- **THE TASK**
Every record below should be repeated exactly. Omit the pictures.

- **EXTRACTED INFORMATION**
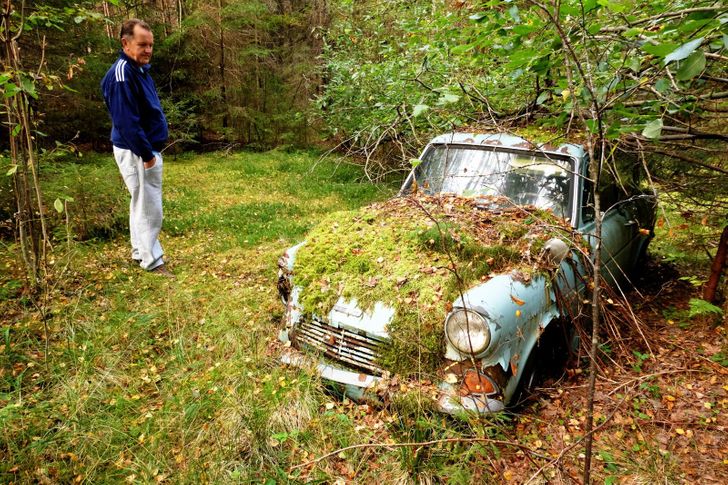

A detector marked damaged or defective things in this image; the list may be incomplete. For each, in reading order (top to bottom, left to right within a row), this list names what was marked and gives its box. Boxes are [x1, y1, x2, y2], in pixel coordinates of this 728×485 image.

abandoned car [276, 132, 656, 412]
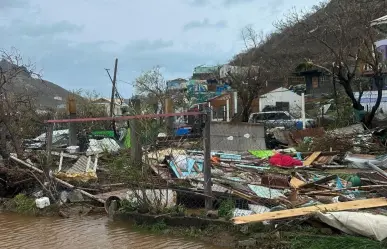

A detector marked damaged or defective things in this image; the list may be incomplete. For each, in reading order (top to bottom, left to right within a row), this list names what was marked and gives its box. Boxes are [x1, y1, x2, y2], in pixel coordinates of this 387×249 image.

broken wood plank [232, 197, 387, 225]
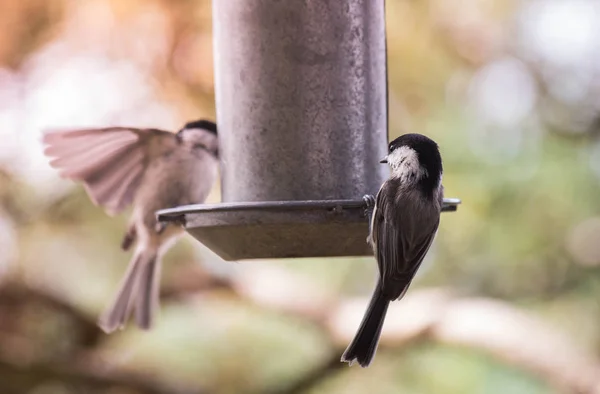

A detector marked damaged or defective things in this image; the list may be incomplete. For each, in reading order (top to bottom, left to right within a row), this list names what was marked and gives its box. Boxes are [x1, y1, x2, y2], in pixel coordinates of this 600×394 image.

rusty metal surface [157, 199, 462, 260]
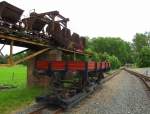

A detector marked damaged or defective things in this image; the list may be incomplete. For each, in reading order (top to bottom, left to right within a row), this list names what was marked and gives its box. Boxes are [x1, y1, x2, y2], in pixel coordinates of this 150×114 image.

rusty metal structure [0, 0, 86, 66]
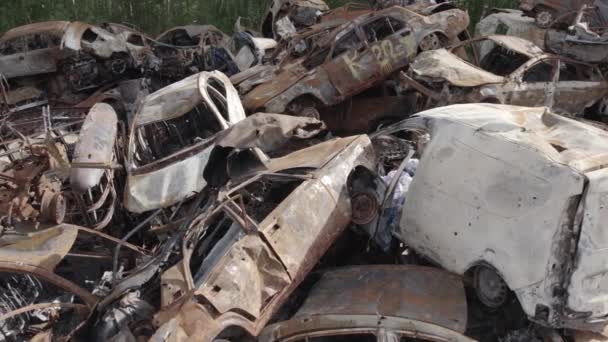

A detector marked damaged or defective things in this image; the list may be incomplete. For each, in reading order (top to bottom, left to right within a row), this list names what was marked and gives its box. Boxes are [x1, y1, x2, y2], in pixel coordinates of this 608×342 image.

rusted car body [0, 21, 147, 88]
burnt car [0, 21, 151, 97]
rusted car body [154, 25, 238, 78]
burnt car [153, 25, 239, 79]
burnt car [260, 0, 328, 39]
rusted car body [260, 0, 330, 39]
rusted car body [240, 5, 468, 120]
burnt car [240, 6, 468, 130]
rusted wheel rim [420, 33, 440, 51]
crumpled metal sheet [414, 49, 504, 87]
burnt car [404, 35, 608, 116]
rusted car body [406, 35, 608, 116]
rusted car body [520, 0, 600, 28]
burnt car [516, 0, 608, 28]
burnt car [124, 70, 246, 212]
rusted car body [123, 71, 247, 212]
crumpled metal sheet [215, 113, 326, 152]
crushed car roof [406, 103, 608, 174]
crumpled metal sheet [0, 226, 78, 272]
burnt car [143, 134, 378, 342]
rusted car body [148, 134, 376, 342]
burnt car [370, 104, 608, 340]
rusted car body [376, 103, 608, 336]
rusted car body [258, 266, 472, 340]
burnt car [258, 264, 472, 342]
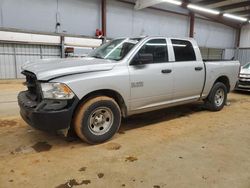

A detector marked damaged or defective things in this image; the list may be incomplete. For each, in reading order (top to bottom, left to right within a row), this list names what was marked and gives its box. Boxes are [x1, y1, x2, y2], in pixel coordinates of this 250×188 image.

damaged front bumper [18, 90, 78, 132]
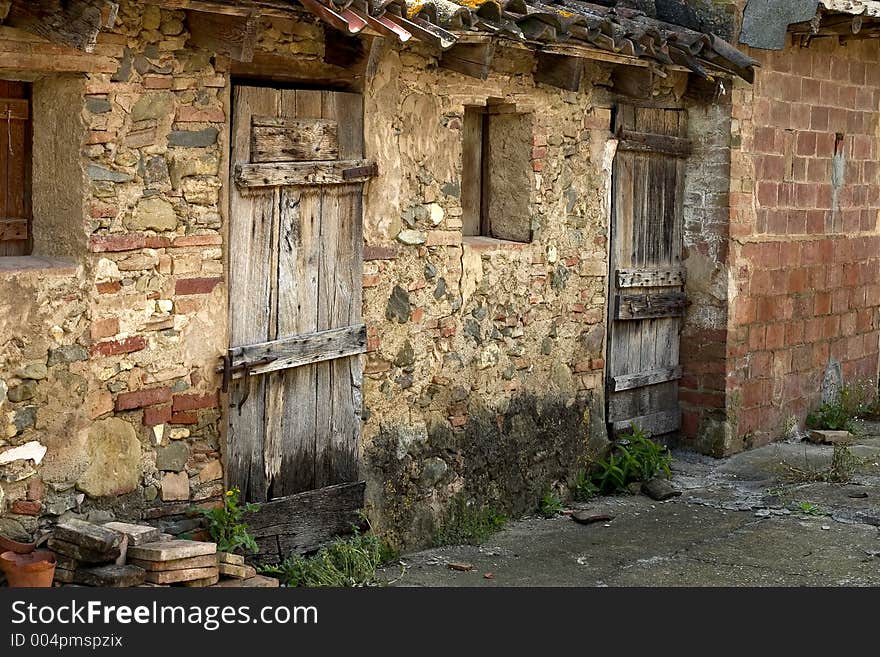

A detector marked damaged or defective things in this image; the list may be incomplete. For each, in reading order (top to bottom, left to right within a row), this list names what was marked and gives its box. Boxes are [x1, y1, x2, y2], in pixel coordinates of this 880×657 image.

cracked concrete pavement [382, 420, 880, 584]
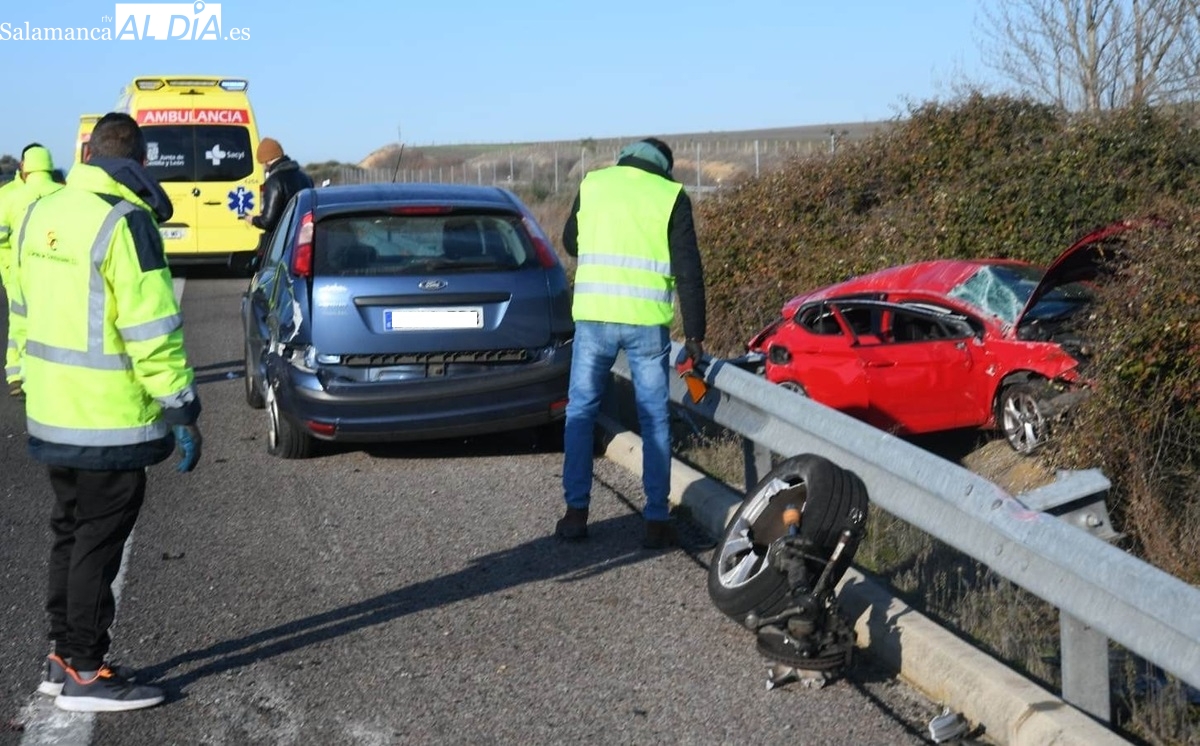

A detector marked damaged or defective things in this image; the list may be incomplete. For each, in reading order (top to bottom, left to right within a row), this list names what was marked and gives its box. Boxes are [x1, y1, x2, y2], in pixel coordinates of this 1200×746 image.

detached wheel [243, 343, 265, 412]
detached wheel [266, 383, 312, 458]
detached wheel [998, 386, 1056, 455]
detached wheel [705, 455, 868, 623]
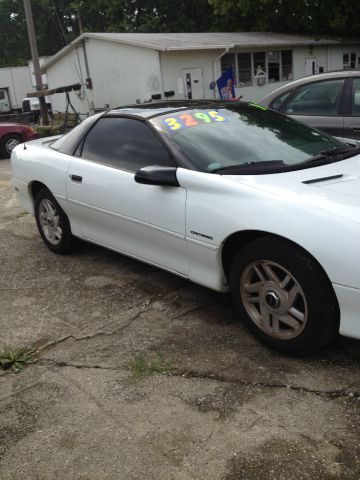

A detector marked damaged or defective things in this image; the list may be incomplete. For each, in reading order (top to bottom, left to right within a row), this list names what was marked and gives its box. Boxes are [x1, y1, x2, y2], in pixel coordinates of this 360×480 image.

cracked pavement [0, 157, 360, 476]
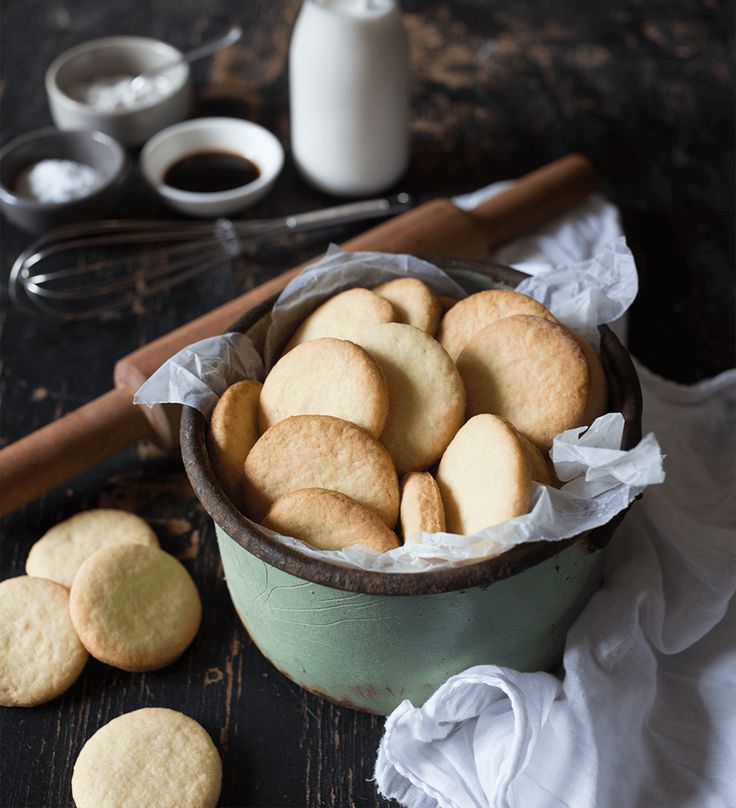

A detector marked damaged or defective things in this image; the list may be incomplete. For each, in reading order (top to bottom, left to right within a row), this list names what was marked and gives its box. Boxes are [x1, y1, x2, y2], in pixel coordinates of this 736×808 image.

- **RESULT OF THE TASK**
A detector marked damaged or defective things in this image; the list may be incomplete. For each, in reading order (top to bottom, left to right within a row), this list names what was marked and gives its box. Boxes are [x1, y1, x2, y2], in pixel coordinates of this 728×485 image.

abandoned car [276, 132, 656, 412]

A detector marked damaged or defective things in this image; the list may be incomplete. For each, in reading order (top to bottom, left to right within a row), this list names what was marked and gives its box. Boxes are [x1, y1, x2, y2], in pixel coordinates of this 387×249 image.

broken wood plank [232, 197, 387, 225]

A detector marked damaged or defective things in this image; the list may be incomplete. For each, in reading order (top to bottom, left to right within a row), this list names what was marked and gives its box. Boxes are [x1, y1, x2, y2], in pixel coordinates of this 600×394 image.

rusty metal surface [157, 199, 462, 260]

A detector marked damaged or defective things in this image; the list may be incomplete. For each, in reading order (top to bottom, left to right within a row), this list names what was marked and gives its box. Boxes are [x1, y1, x2, y2], in pixel coordinates of this 150×114 image.

rusty metal structure [0, 0, 86, 66]

A detector marked damaged or defective things in this image; the list may be incomplete. For each, in reading order (top to bottom, left to right within a row), this list names what was marked and gives its box. Boxes are [x1, y1, x2, y2], in pixel coordinates of this 608×342 image.

rusted car body [0, 21, 147, 88]
burnt car [0, 21, 151, 97]
rusted car body [154, 25, 238, 78]
burnt car [153, 25, 239, 79]
burnt car [260, 0, 328, 39]
rusted car body [260, 0, 330, 39]
rusted car body [240, 5, 468, 120]
burnt car [240, 6, 468, 130]
rusted wheel rim [420, 33, 440, 51]
crumpled metal sheet [414, 49, 504, 87]
burnt car [404, 35, 608, 116]
rusted car body [406, 35, 608, 116]
rusted car body [520, 0, 600, 28]
burnt car [516, 0, 608, 28]
burnt car [124, 70, 246, 212]
rusted car body [123, 71, 247, 212]
crumpled metal sheet [215, 113, 326, 152]
crushed car roof [406, 103, 608, 174]
crumpled metal sheet [0, 226, 78, 272]
burnt car [143, 134, 378, 342]
rusted car body [148, 134, 376, 342]
burnt car [370, 104, 608, 340]
rusted car body [376, 103, 608, 336]
rusted car body [258, 266, 472, 340]
burnt car [258, 264, 472, 342]

A detector marked damaged or defective things in this image; the list may be incomplete. For each, in reading order (top to bottom, left to right within a row), this list names what was marked and gives its box. Boxes are [x1, y1, x2, y2], in pixel coordinates of this 250×188 image.

damaged front bumper [18, 90, 78, 132]

A detector marked damaged or defective things in this image; the list may be incomplete. For each, in reading order (top to bottom, left to right within a row), this list names what was marked and gives its box. Boxes are [x1, y1, x2, y2], in pixel coordinates of this 880×657 image.

cracked concrete pavement [382, 420, 880, 584]

A detector marked damaged or defective things in this image; the list may be incomplete. For each, in reading order (top to bottom, left to right within a row), this list names what was marked and gives its box. Boxes are [x1, y1, x2, y2], in pixel coordinates of this 1200×746 image.

detached wheel [243, 343, 265, 412]
detached wheel [266, 383, 312, 458]
detached wheel [998, 386, 1056, 455]
detached wheel [705, 455, 868, 623]

A detector marked damaged or defective things in this image; the list may be incomplete. For each, in reading order (top to bottom, left to right within a row), this list names what was marked and gives its box. Boxes are [x1, y1, x2, y2], in pixel coordinates of this 360×480 image.

cracked pavement [0, 157, 360, 476]

A detector marked damaged or defective things in this image; the list may be incomplete. For each, in reading order (top to bottom, left to right within a row), this list names what was marked and gives its box. Boxes are [x1, y1, x2, y2], in pixel coordinates of this 736×808 image.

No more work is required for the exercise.